Олег заметил хитрый блеск в глазах оборотня, вспыхнул:
– Больше богам делать нечего, как муравьев делить! Мураши не виноваты, что одни родились кочевыми скотоводами… тлеводами, другие – жнецами. Мрак, я побаиваюсь, что вот-вот вляпаемся во что-то похуже, чем засада Агимаса. Хотя, честно говоря, не представляю, что может быть хуже. Но здесь может обитать такое, от чего бегут даже муравьи!
– Но бурьян остался?
– Бурьян бегать еще не наловчился. Да и кому он нужен?
– Мы тоже вроде бы… А вон какие силы за нами! Нет чтобы землю ковырять. Или скот пасти.
Таргитай приотстал, тихонько заиграл на дуде. Новая песенка рождалась легко, что не нравилось. Знал, что лодырь, работы не любит. Ему даже почему-то не стыдно, что бегает от работы, как пес от мух, но вот песни, которые складывались легко, душу не трогали, и снова трудолюбиво перекладывал слова, прилаживал одно к другому так и эдак, пробовал на разные голоса. Мелькнула мысль, что Олег похоже составляет заклятия, но волхв подбирает слова точные, умные, ими можно камни двигать, а ему надо искать острые, цепляющие душу, чтобы на сердце оставались царапины.

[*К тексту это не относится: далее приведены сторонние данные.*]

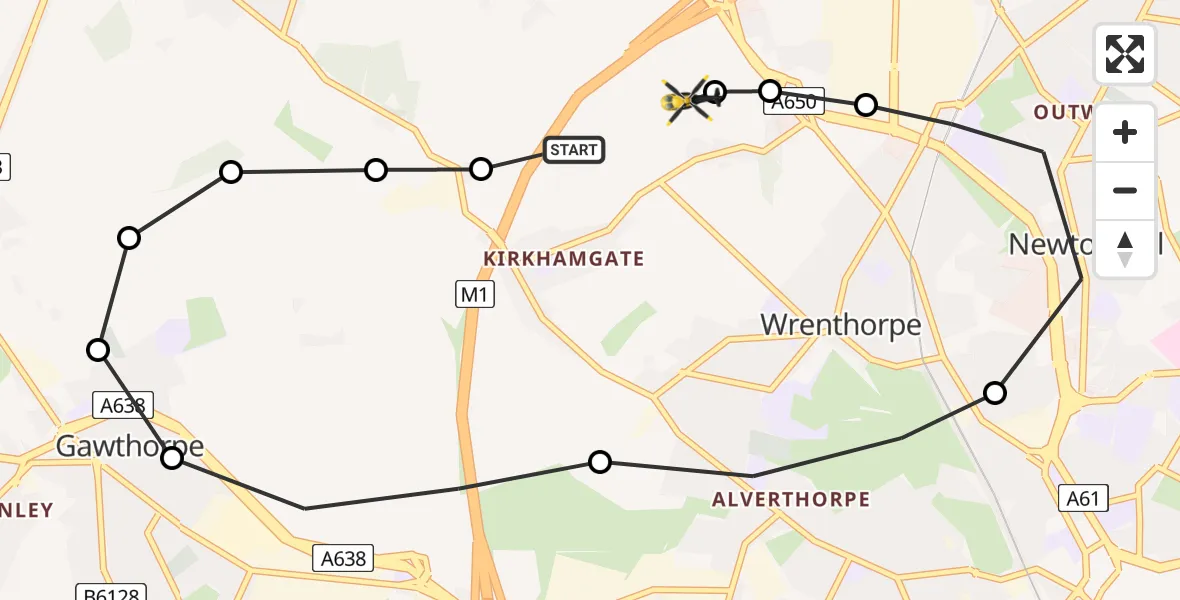 Flight route Police Helicopter East Ardsley - East Ardsley, 14 June 2026, 12:30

Мрак тоже ехал погруженный в несвойственные ему тягостные думы. Вздрогнул, когда догнал Таргитай.
– Я чую какую-то грозу…
Мрак взорвался:
– Брысь! Этот тоже чует, Ящер вас забери. Добро, хоть Лиска ни черта не чует, настоящая женщина!
Воительница на всякий случай сердито сверкнула глазами. Оборотень похвалил, но как-то странно похвалил. Волчий юмор лишь волкам ясен.
В низких тучах сверкнула ветвистая, как корень дерева, молния. Земля качнулась, под ногами задвигалось, глухо зарычало. Загрохотало еще, впереди начала вспучиваться земля. На глазах потрясенных путешественников – коней не останавливали, мало ли что лезет, – вспучился земляной холм, дымящийся, рыхлый, словно его выталкивал крот немыслимых размеров. Ветер донес раздраженный рев.